Вот он, истинный корень его недуга! Он никогда не боялся “малого срока жизни”, но боялся — очень боялся! — что утратит способность писать. Зачем, спрашивается, жить тогда! И вот именно это случилось — как нередко случается с нами то, чего мы больше всего страшимся. Таково, во всяком случае, было его самоощущение в 1845 году — году, внешне весьма для него благоприятном: хлопоты высокопоставленных друзей о вспомоществовании Гоголю принесли, наконец, плоды: его императорское величество собственной рукой наложило карандашом резолюцию на докладной записке министра просвещения Уварова: “Согласен”. Теперь Гоголь в течение ближайших трёх лет получал из казны по тысяче рублей серебром... Отныне можно было писать, не заботясь о хлебе насущном, и тут-то как раз — случайно ли, нет ли — “Бог отъял... способность творить”.

С художником Чартковым, героем «Портрета», происходит, вспомним мы, то же самое: Бог отнимает у него способность творить — творить высокое искусство — после того, как ему буквально на голову сваливаются деньги. В случае с Гоголем такой прямой связи нет, да и деньги, выделенные царём, не ахти какие. Нет, никакого богатства не свалилось на голову, ни тогда, ни раньше, зато свалилось в своё время нечто другое, куда более ценное в системе гоголевских координат, — слава. Он стал знаменит в одночасье, сразу после появления «Вечеров...», а последовавшие затем «Миргород», петербургские повести, не говоря уже о «Ревизоре», славу эту усиливали лавинообразно. В мае 1842 года выходят «Мёртвые души» — ему всего тридцать три года, а он уже, в отсутствии Пушкина и только что погибшего Лермонтова, который пока что не получил и толики всеобщего гоголевского признания, — не оспариваемый никем первый писатель земли русской. Десяти лет достало ему, чтобы положить к своим ногам всю читающую Россию.

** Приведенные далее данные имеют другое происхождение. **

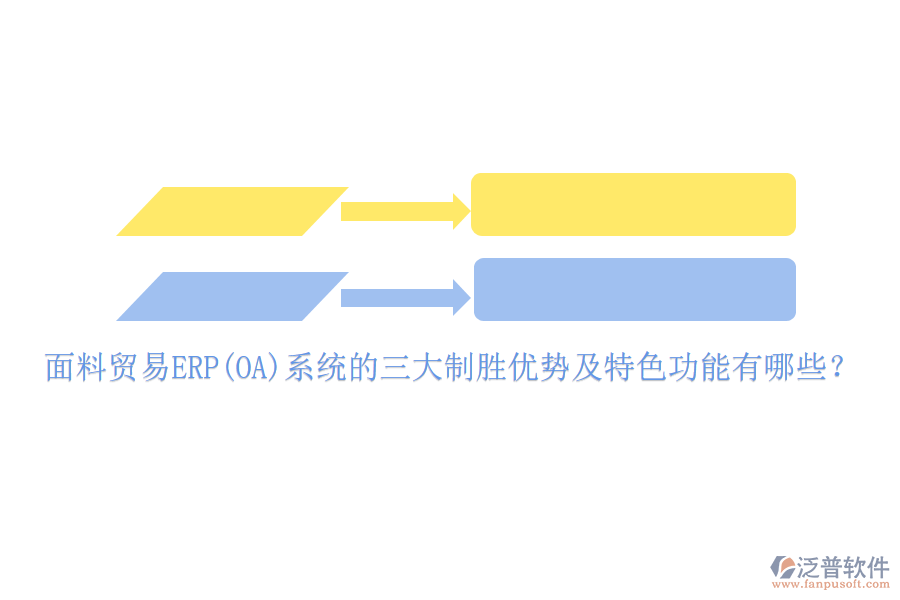 面料貿(mào)易ERP(OA)系統(tǒng)的三大制勝優(yōu)勢及特色功能有哪些？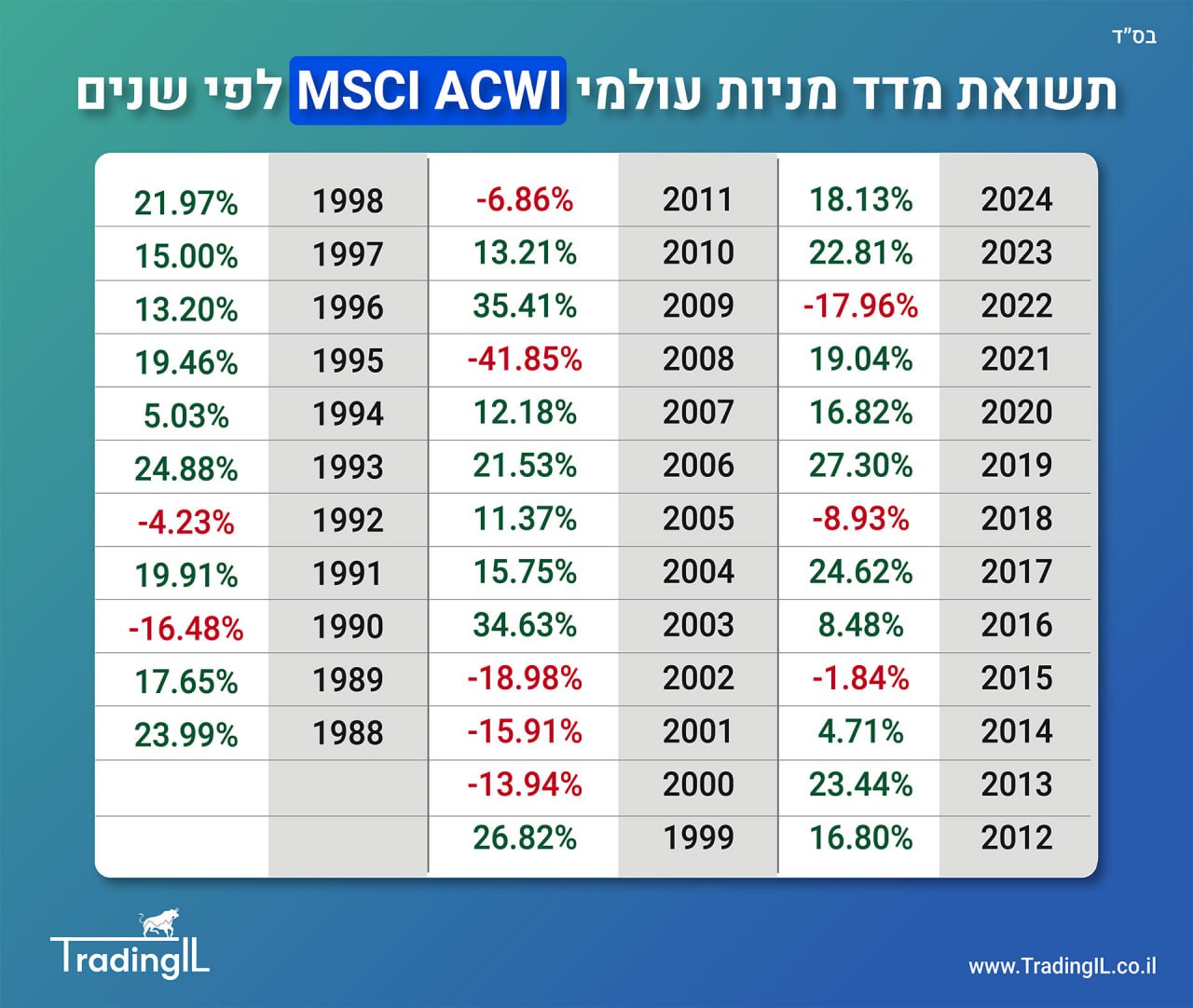 תשואות מדד ACWI לפי שנים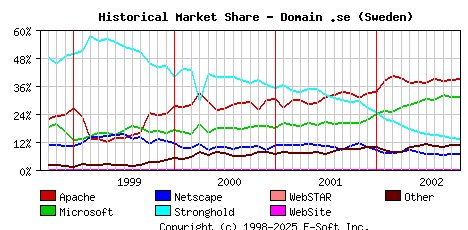 November 1st, 2002 Historical Market Share Graph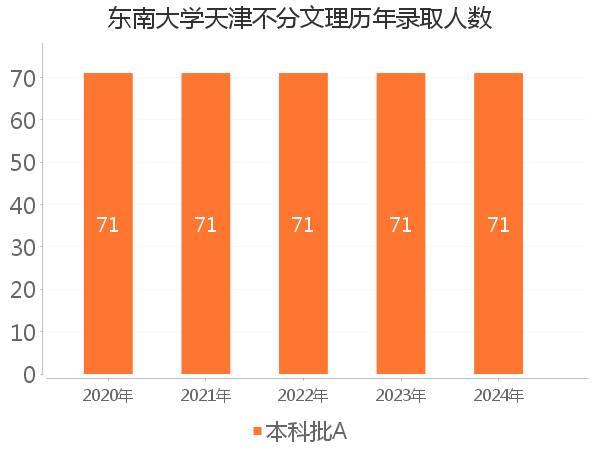 录取人数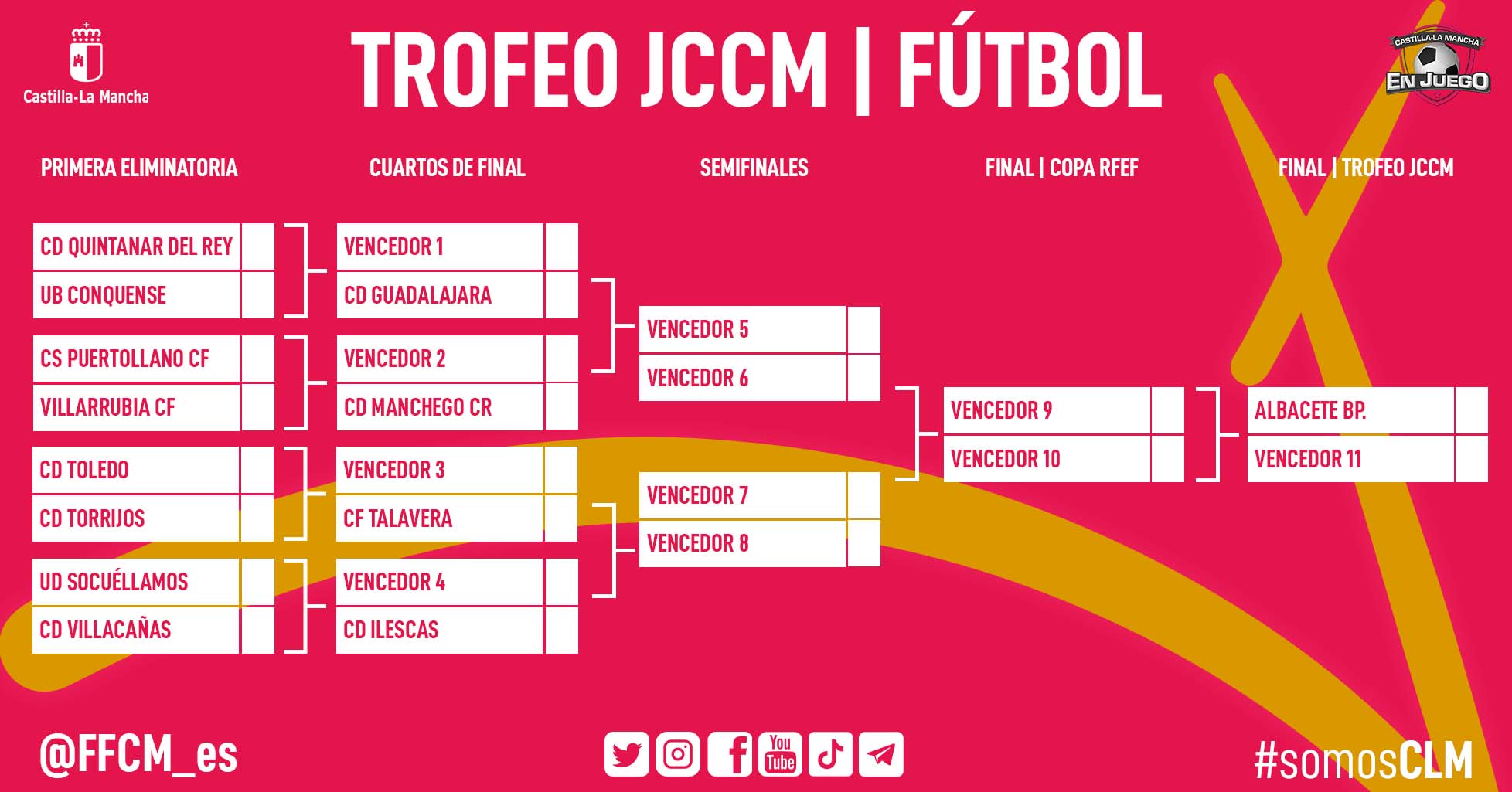 Trofeo JCCM Fútbol Masculino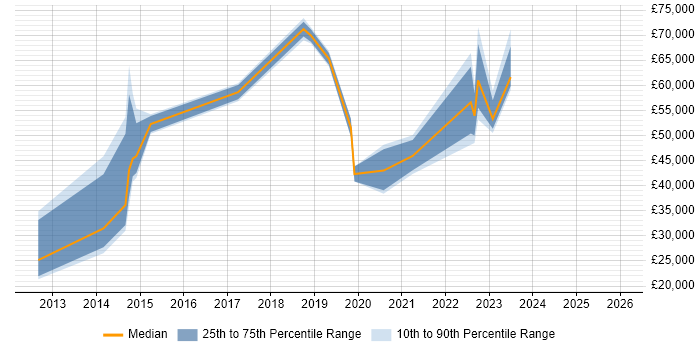 Salary distribution trend for jobs in England citing Amplience
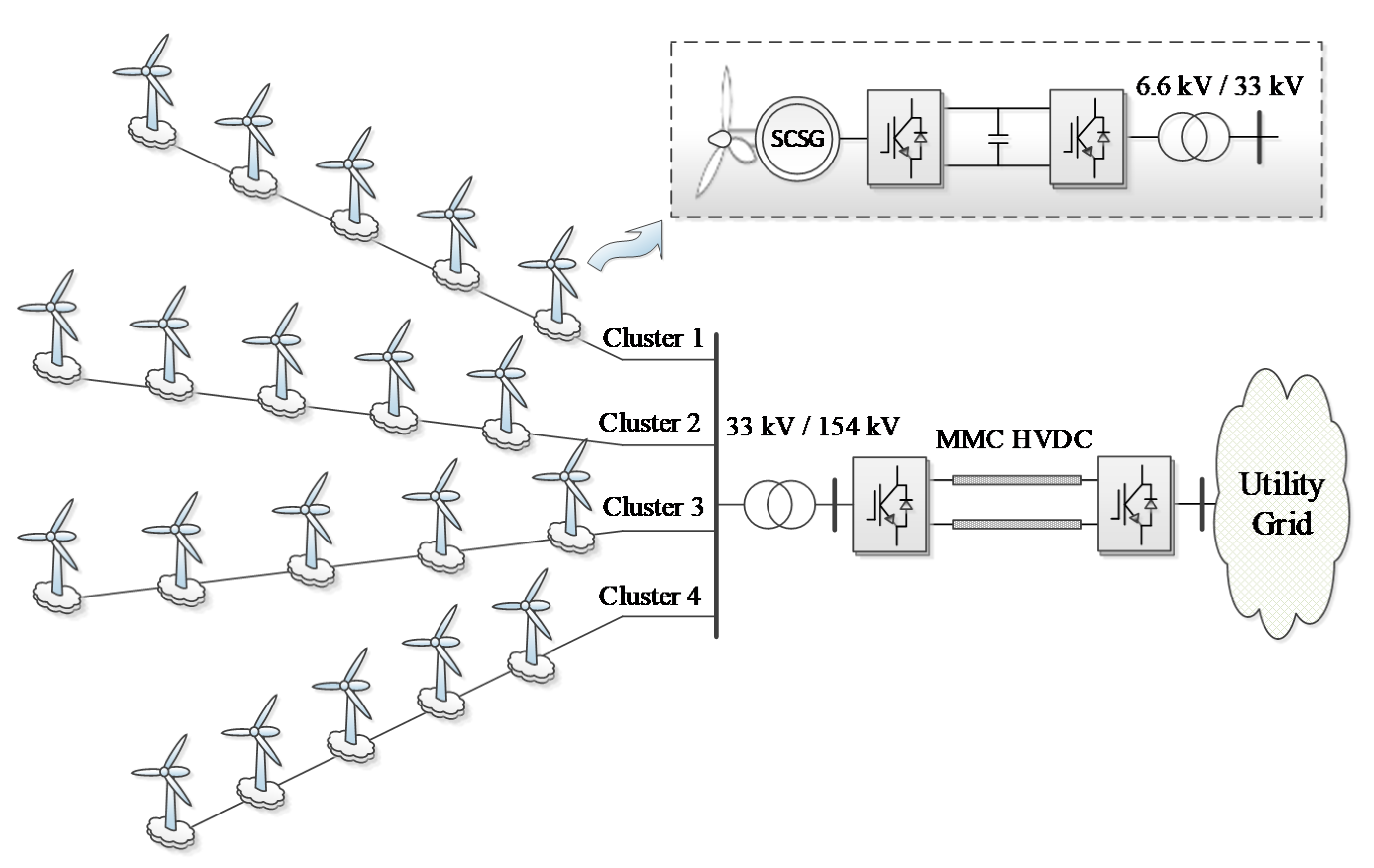Energies 12 04672 g005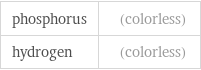 phosphorus | (colorless) hydrogen | (colorless)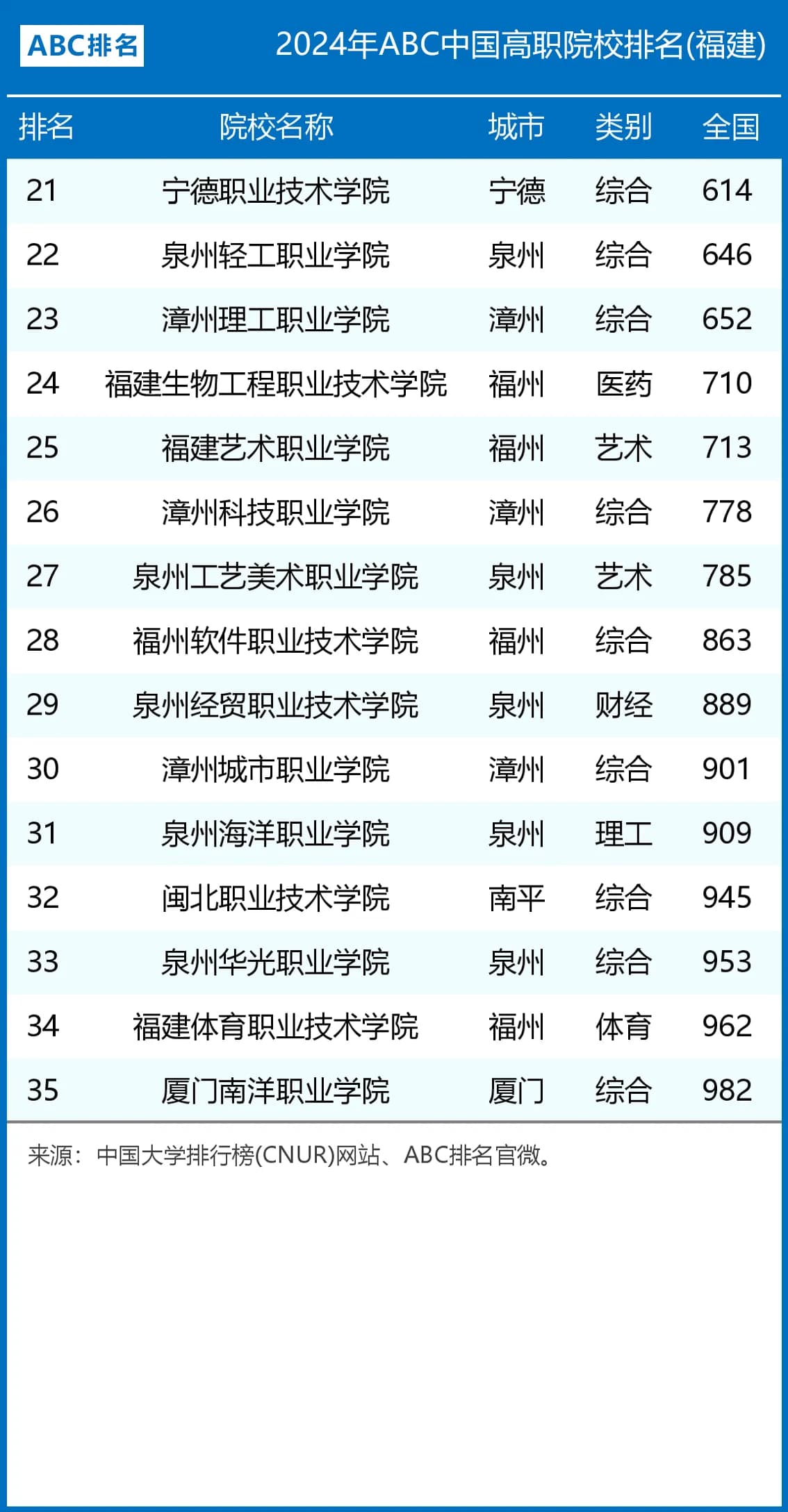 2024年福建省高职院校排名：福建船政交通职业学院第一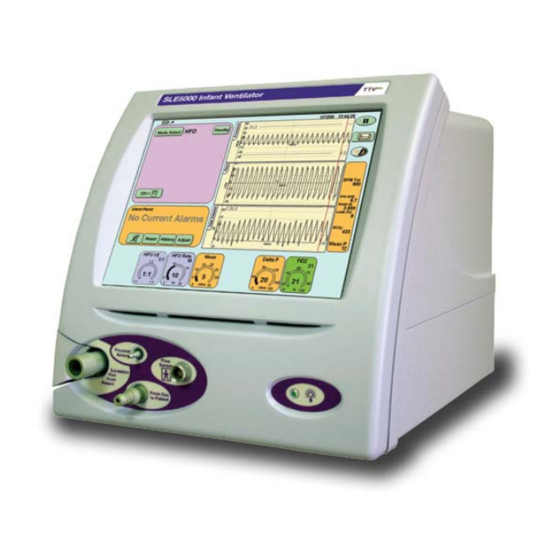 SLE 5000 Manuals
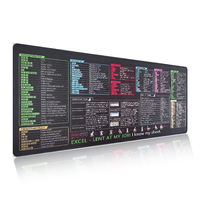 Excel Cheat Sheet Desk Mat | XL 800x300mm Heavy Duty Gaming Office Mouse Pad | Non-Slip Waterproof Keyboard Mat with Stitched...
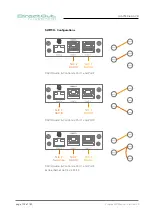 Предварительный просмотр 102 страницы DirectOut Technologies PRODIGY.MP User Manual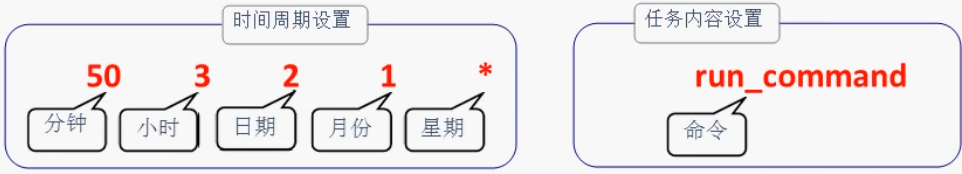 cron计划任务的参数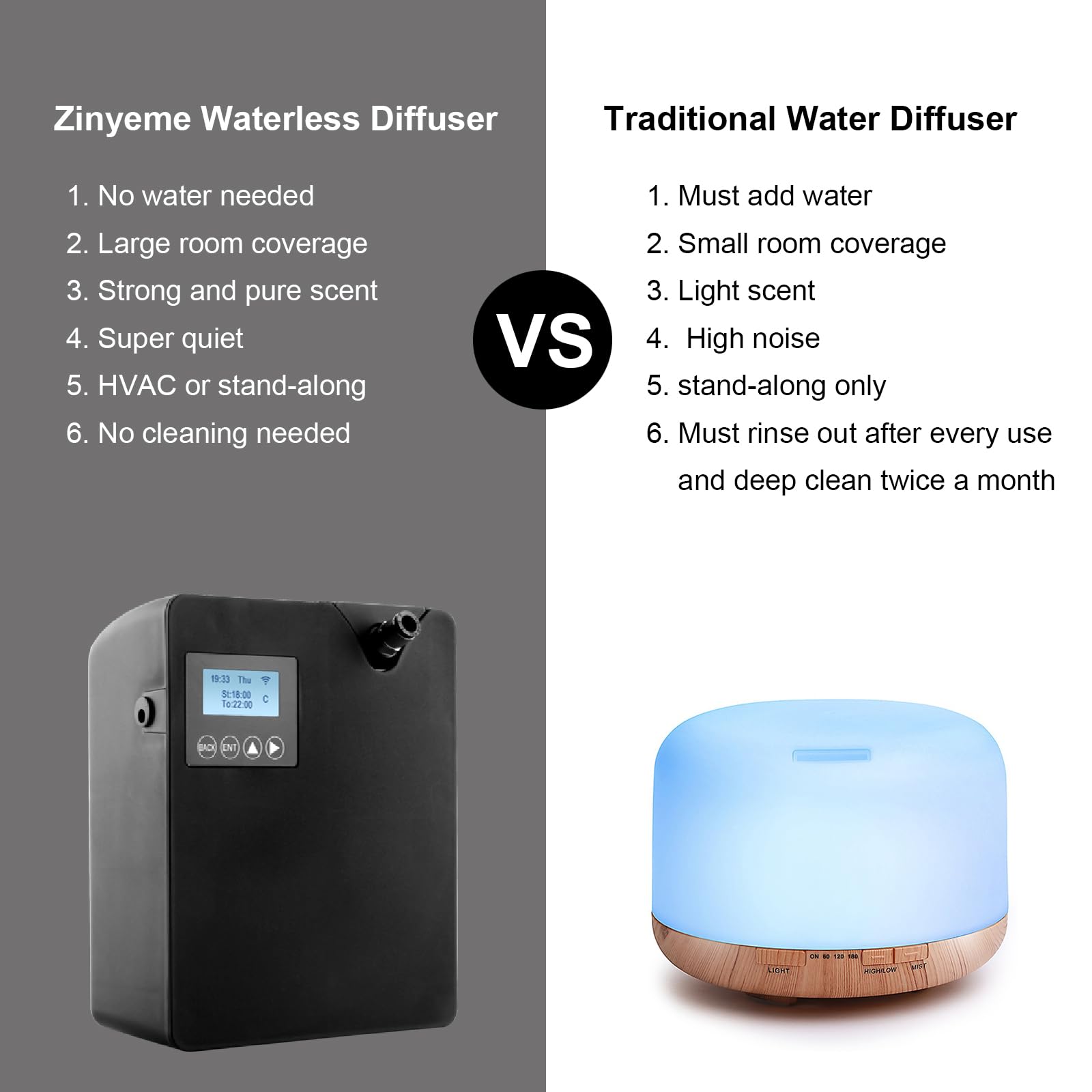 Zinyeme Smart Scent Air Machine waterless design for low-maintenance spaces
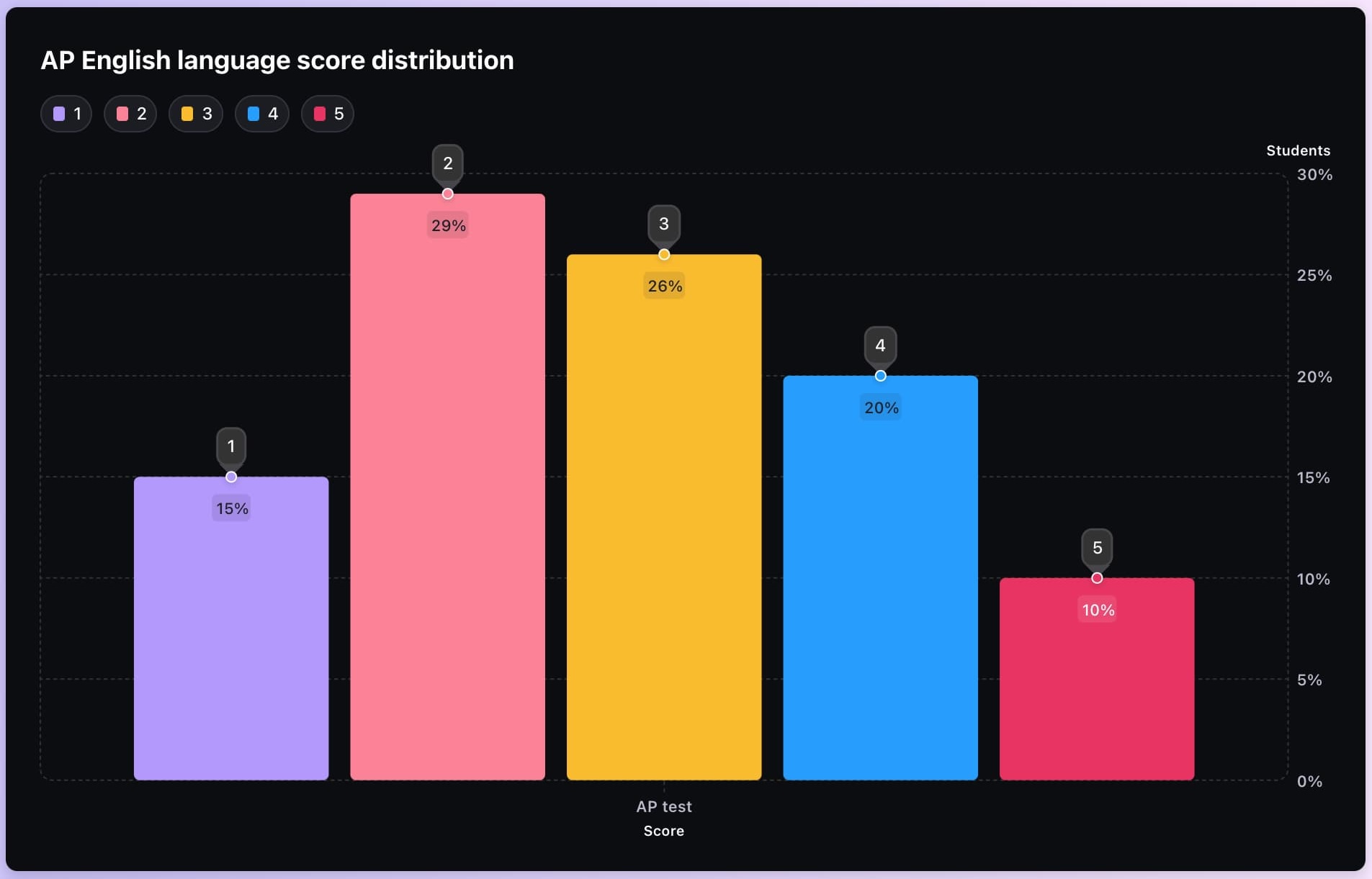 ap lang score calculator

Мы уже приводили страшные слова Аксакова о том, что как человека Гоголя никто не любил. Написал их Сергей Тимофеевич в письме к сыну, так что Гоголь о них понятия не имел, однако с присущей ему нечеловеческой какой-то прозорливостью косвенно ответил на них, и ответил именно Сергею Тимофеевичу. “Я был в состоянии всегда (сколько мне кажется) любить всех вообще, потому что я не был способен ни к кому питать ненависти; но любить кого-нибудь особенно, предпочтительно, я мог только из интереса”.

А раз нет живой любви — нет и творчества; или, во всяком случае, родник этот скоро иссякает, что для каждого-то художника трагедия, а уж для Гоголя — подлинная катастрофа. “...Не писать для меня совершенно значило бы то же, что не жить”. И здесь же, в «Авторской исповеди», страницей ниже делается признание, на какое отважился бы редко какой писатель: “...Оставила меня способность производить созданья поэтические”.

Но одно дело — признание, прежде всего самому себе, что утрата способности писать равносильна смерти, а другое — эту самую смерть принять, пусть даже ты пророк, мессия или кто там ещё. В «Мёртвых душах» говорится, правда, вскользь о том, что “появленье смерти так же... страшно в малом, как страшно оно и в великом человеке”. Кажется, это единственный случай, когда Гоголь прямо признаётся в страхе смерти, но косвенных признаний — или, лучше сказать, косвенных свидетельств — подобного рода у него немало, что остро почувствовал Белинский, сам, между прочим, стоящий на краю могилы и никакого страха по этому поводу никогда не перед кем не выказывающий. Не только почувствовал, но и сказал в своём знаменитом письме к Гоголю: “Болезненною боязнью смерти... веет от вашей книги”.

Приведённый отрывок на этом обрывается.